My timing needs are pretty straightforward. I have a shared family calendar to keep tabs on personal obligations and a personal MacStories calendar for work-related events. I also share a calendar with Federico to schedule recording times for podcasts and other events, but that’s about it.
If you spend a lot of time in a calendar app because you have a lot of meetings, it makes sense to have calendars, tasks, scheduling, video call support, weather, and other business features. in your calendar app. My work, however, is much more task-oriented than event-driven. I don’t want to lose sight of important events, but most of the time, Apple’s calendar widget on my iPhone is all I need.
The Calendar widget doesn’t quite suit me on a Mac, however. Widgets are out of sight in Big Sur, and there’s no way to trigger the widget panel with a keyboard shortcut. So instead, I used a Mac menu bar app called Dato for a quick glance at my calendar. The app isn’t new, but the recent addition of time zone support caught my attention and it has been a big part of my daily workflow since I started using the app again. Apple Calendar.
The convenience of having Dato in my menu bar means I don’t have to open the Calendar app when all I want to do is check my schedule. Dato is divided into a mini monthly view and a list of events that display in a drop-down menu when you trigger the app, which you can do by clicking the icon in the menu bar or setting a shortcut. global keyboard. The keyboard shortcut, combined with Dato’s excellent keyboard navigation, allows you to quickly and quickly switch between days, weeks and months. The arrow keys move the focus through the days of a month, while ⌥ plus the left and right arrows move between the months and ⇧ + ⌥ plus the left and right arrow keys move from year to year.
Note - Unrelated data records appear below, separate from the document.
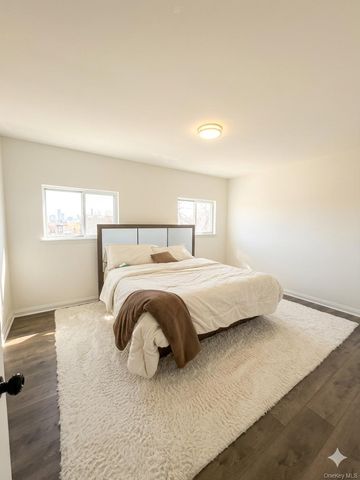 4216 E Tremont Avenue, Bronx, NY 10465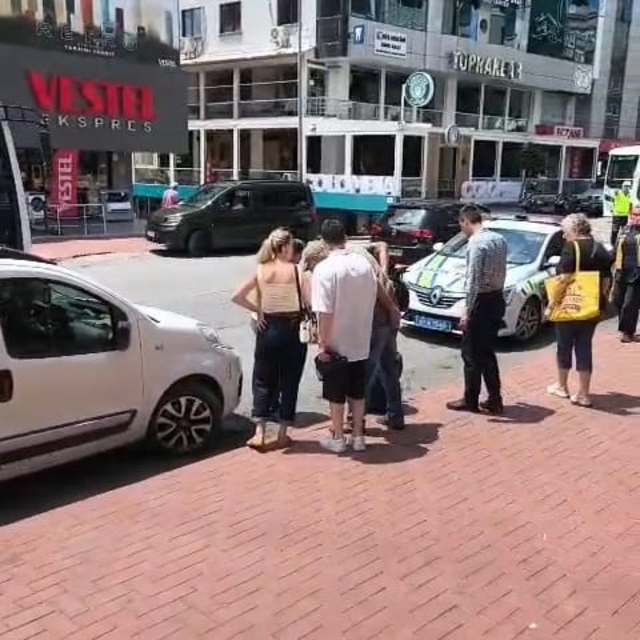 Scooterla dengesini kaybedip düşen sürücü yaralandı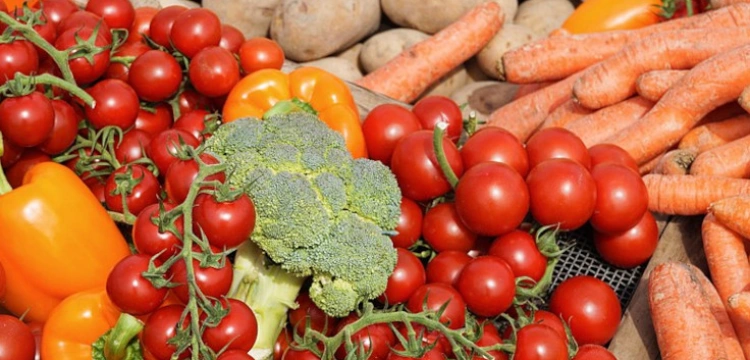 Zimą tych warzyw i owoców trzeba UNIKAĆ!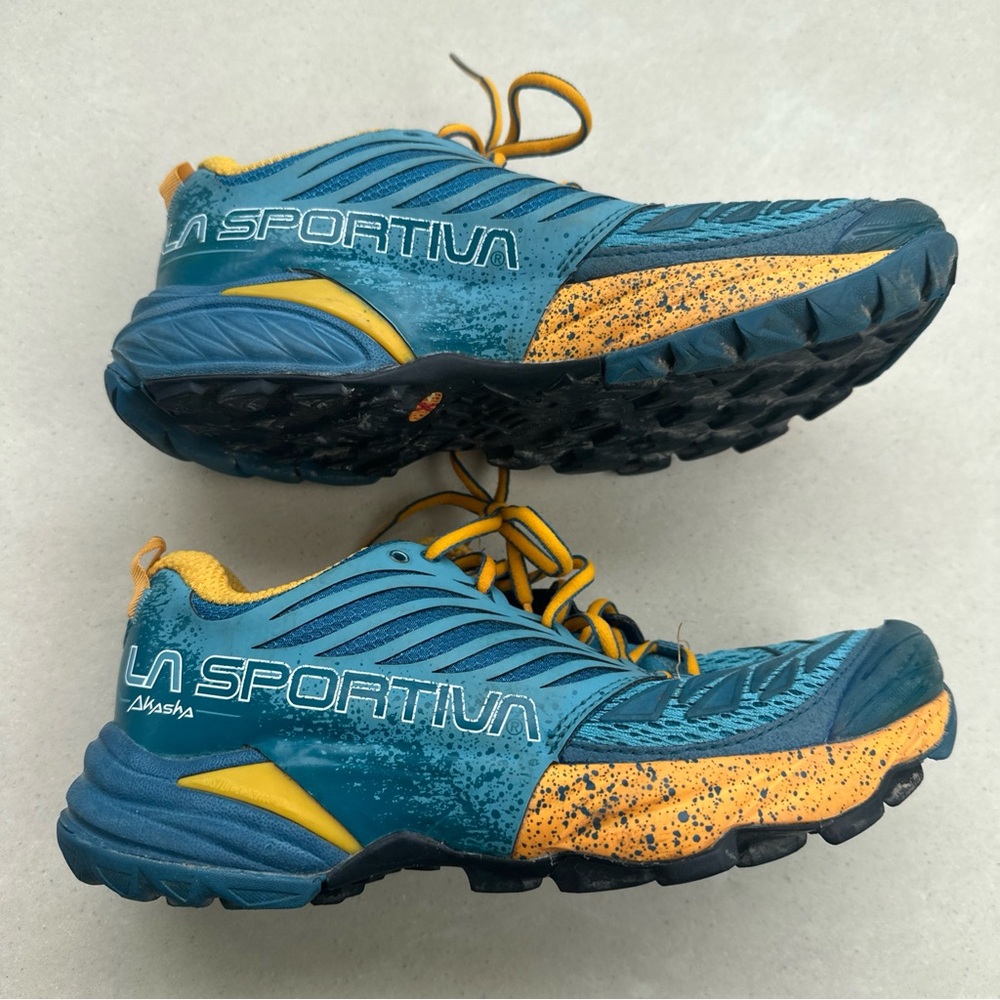 La Sportiva Akasha Blue Trail Running Sneakers Shoes 1988-C Women Size 7 - Picture 5 of 9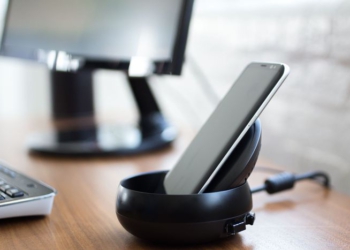 Samsung Galaxy S8, DeX ile Masaüstü Bilgisayara Dönüşebilecek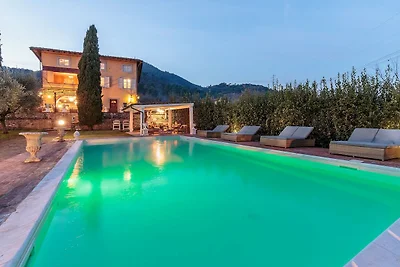 Zeitlose Eleganz Villa in der Nähe von Lucca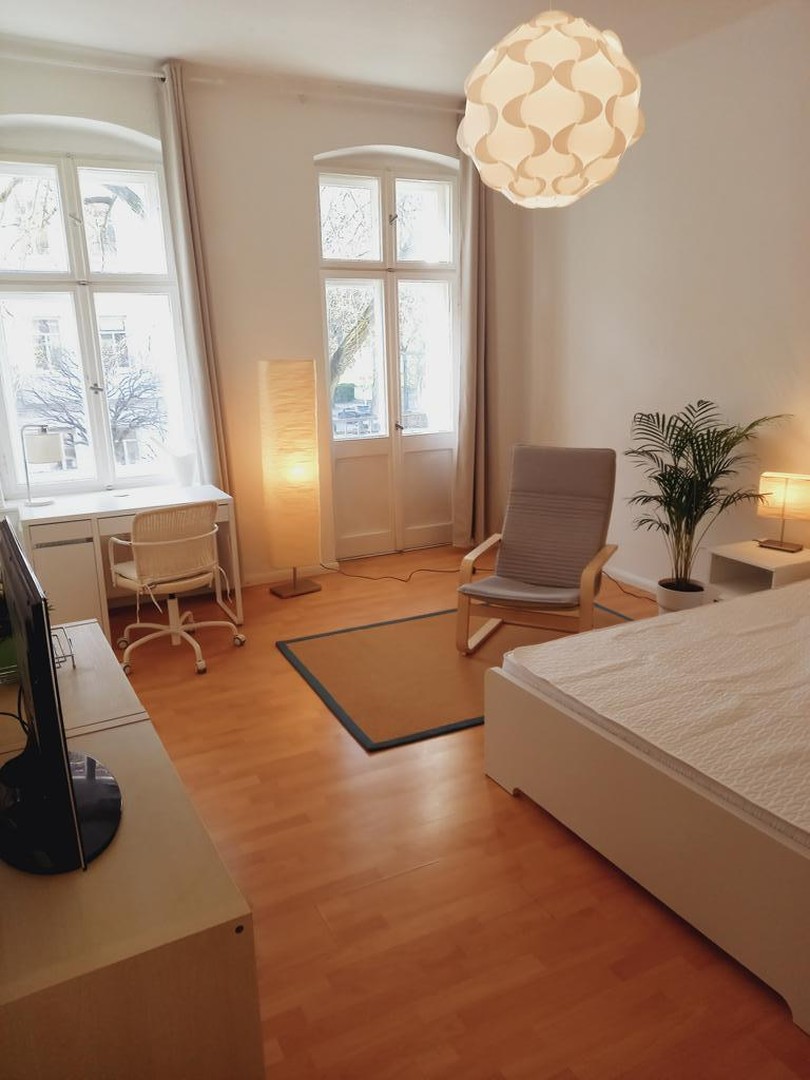 tolles Apartment nahe Sbhf. Adlershof * ohne Makler * Rendite 5,3%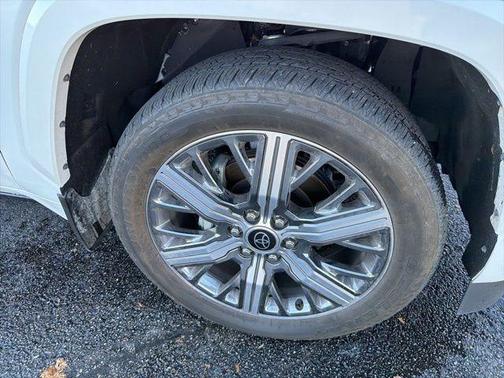 2024 Toyota Sequoia Capstone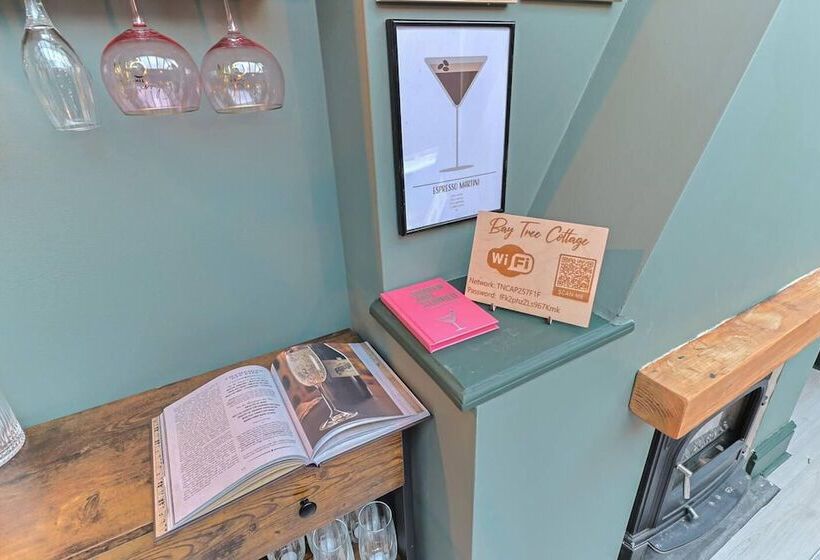 Beautiful 3 Bed Cottage In Burnham On Crouch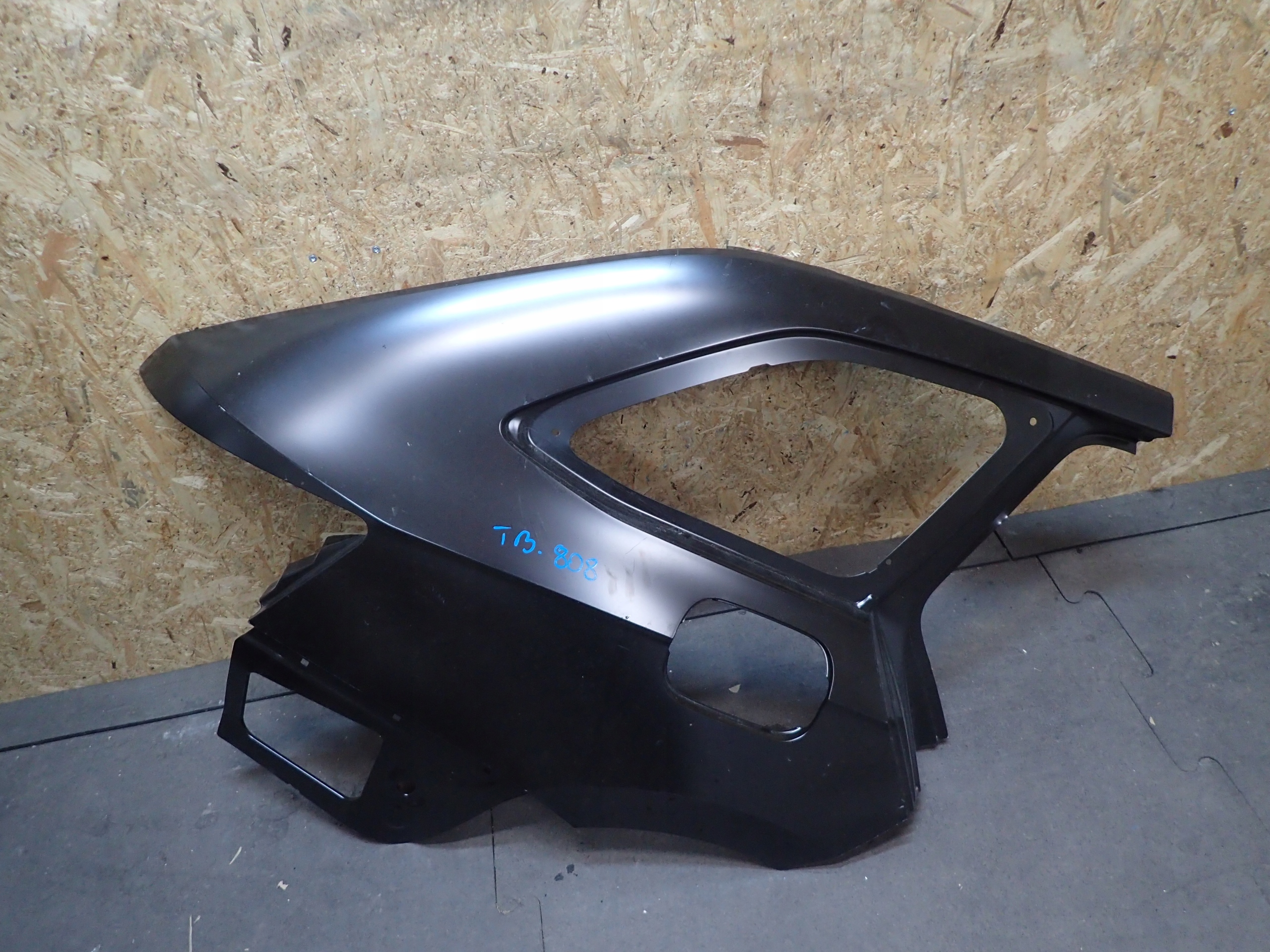 parafango posteriore Destra SKODA SUPERB III 3 KOMBI 3V9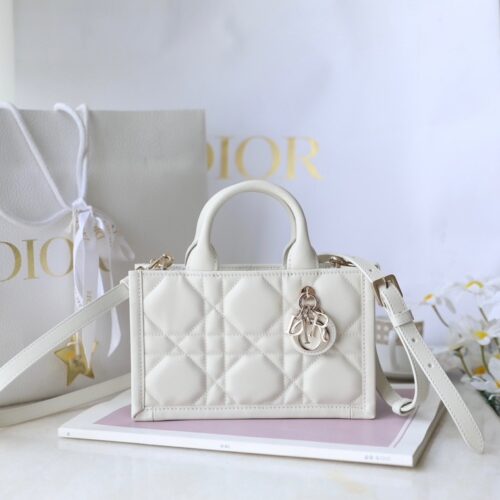 sy_no_7D6FF02FA337B1F16F8AD34CC5922AC2_0 Lady D-Joy Small Bag – Cannage Ivory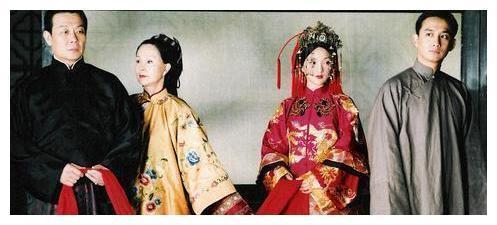 65岁老树开新花?寇世勋“坐拥双妻”,大小老婆仅一层楼板之隔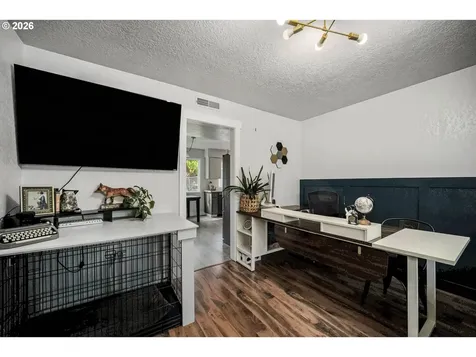 390 Kevin Court S Salem OR 97306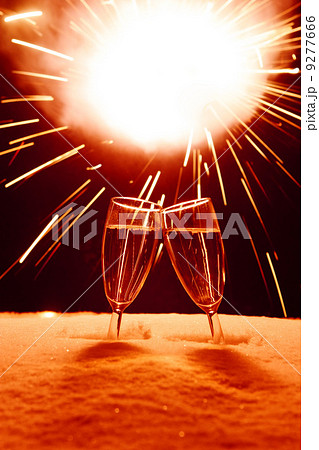 New year two glasses champagne clinking 9277666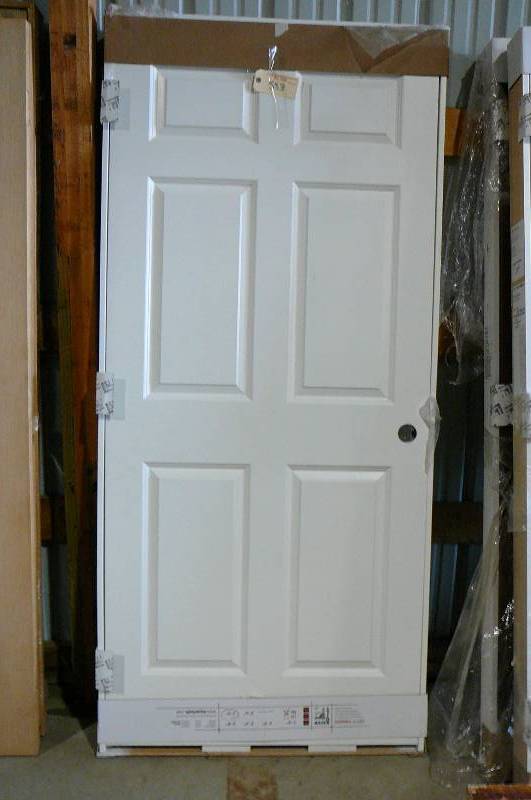 lot 583 image: PreHung Interior Door-White
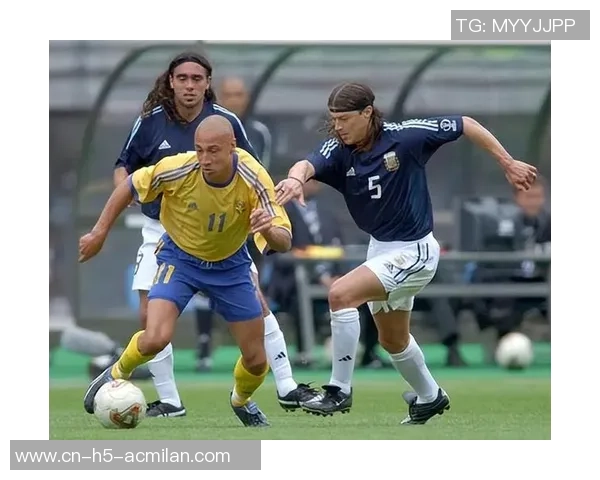 西蒙尼与阿尔梅达六年国家队宿舍生活揭示深厚友谊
Dato is a simple app, but it includes a wide variety of settings in its preferences that make it more flexible than you might imagine. The app menu bar item can be customized to show app name, date in calendar icon, date with border, date with filled icon, or clock icon static analog. You can also include the week number, day of the week, date, month, and time in the menu bar, as well as in the drop-down menu in the app. I’m glad there are so many options, but kept it simple, using the date in a calendar icon option for the menu bar and turning off the week number, the day of. week, date, month and time in the menu bar and drop-down list.
The calendar at the top of the drop-down menu is optional, but it provides a useful overview of the month and is essential if you want to navigate to events other than the current ones. The calendar can also include week numbers and dots indicating the dates on which events are scheduled, which can be displayed as a single gray point or up to three colored dots corresponding to the colors assigned to your calendars, which is a good way to judge whether the days to come will be busy.
The list of events in Dato’s drop-down menu is even more customizable with options for the number of event days displayed, the number of events per day included, whether a day’s events are displayed, and more. You can also turn off any calendars you don’t want to see from here. If there are more events than what can be displayed in the drop-down list, you will see a drop-down entry that displays additional events when the pointer passes over them. Event details are also displayed when you hover over them.
Dato recently added support for displaying time zones. There is a dedicated tab in the Preferences to configure as many time zones as you want, which can be displayed in the menu bar or drop-down menu. Time zones can also include notes, and when displayed in the menu bar, the names of your time zones can be personalized, so that they are short and more meaningful. I tried including the timezones in the menu bar, but decided to keep them in the drop-down menu, which is easily accessible with a keyboard shortcut.
I already have a lot of apps in my menu bar, so I’m always reluctant to add more. However, Dato stuck due to his flexibility. The app comes with a lot of options that I don’t use, but the app’s precise control over what it displays allowed me to include only the options that I need, which I appreciate. If my needs change, it’s good to know that Dato can adapt with me.
Also, although I was initially disappointed to learn that I cannot create new events with Dato, this has not been a problem in practice. Double-clicking on a date in Dato immediately opens the Calendar app, where I can add a new event. Also, now that I am using GoodTask as my task manager again, I have found that I create events from it more often, making it unnecessary to have another way to add tasks.
As I have redesigned my workflows for 2021, one of my goals is to find applications that better meet my current needs. When deciding to return to GoodTask, I realized that a task-centric approach best suited the type of work I do and the way I think about it. I need to know what events I have coming up, but this information is much more valuable in the context of GoodTask listings.
Between GoodTask and Dato, most of my scheduling needs are met. I can create events in GoodTask and review them there or using Dato. I always open Apple’s Calendar app when I want more than a summary view of what’s to come, but especially with the ability to trigger Dato with a keyboard shortcut and quickly navigate between days and weeks. from the keyboard, the times I find myself opening Calendar are rare.
Dato is available on the Mac App Store for $ 4.99.